Однажды дома, будучи в хорошем настроении и — редкий случай — не зная, чем занять себя, я нацепил усики, надел котелок, взял тросточку и стал танцевать, характерным образом выворачивая ступни. Домашние, заставшие меня в таком виде, нашли, что получается похоже. Попросили повторить — один раз, другой, третий. Я увлекся, подбадриваемый их реакцией, стал импровизировать, а потом и закреплять найденные штрихи. И в результате решился включить номер в свой концертный репертуар. Не знаю, как его определить. Но мне всегда не нравилось, когда говорили, что это пародия на Чаплина.

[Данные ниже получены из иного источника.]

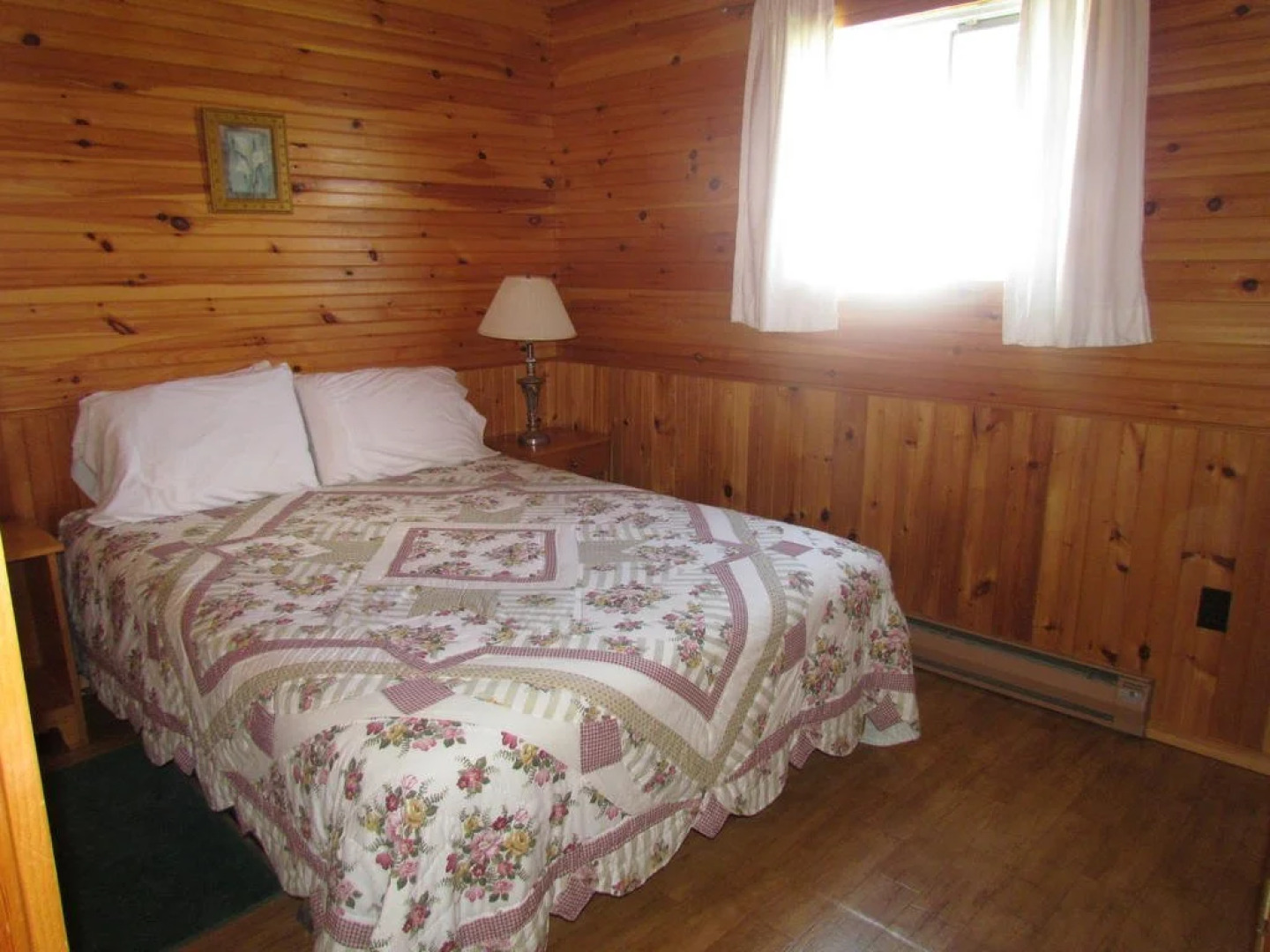 Chalets Grand Pre Cottages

Да, конечно, отчасти пародия. (Хотя, разумеется, на чаплинского героя, а не на самого артиста.) Но все-таки не совсем пародия.
Я бы сказал, что это была некая театрализованная форма выражения моей любви к нему (именно к артисту Чаплину, а не только к персонажу). Впрочем, может быть, так кажется только мне. Как бы то ни было, номер на долгие годы стал у меня, как говорится, коронным, гвоздевым, и в том или ином концерте я обычно оставлял его на закуску.
Пожалуй, я и не вспомню все номера-монологи, скетчи, интермедии, пантомимы... Это целая жизнь, которую не опишешь и не расскажешь!
Так или иначе, тот сезон или, точнее, полсезона в Москве — время, насыщенное событиями, работой. Сколько новых знакомств, новых друзей!..
Рома приезжала ко мне. Мы жили в гостинице «Москва», тогда лучшей московской гостинице. (Потом, в течение многих лет, мы всегда там останавливались, месяцами жили в одном и том же номере всей семьей. В столице она была нашим домом). После спектаклей, несмотря на усталость и позднее время, мы подолгу гоняли чаи в гостиничном номере, уставленном цветами, принимали гостей или сами ходили в гости к таким же полуночникам, как мы. Завсегдатаями были у нас Михаил Светлов и Ираклий Андроников.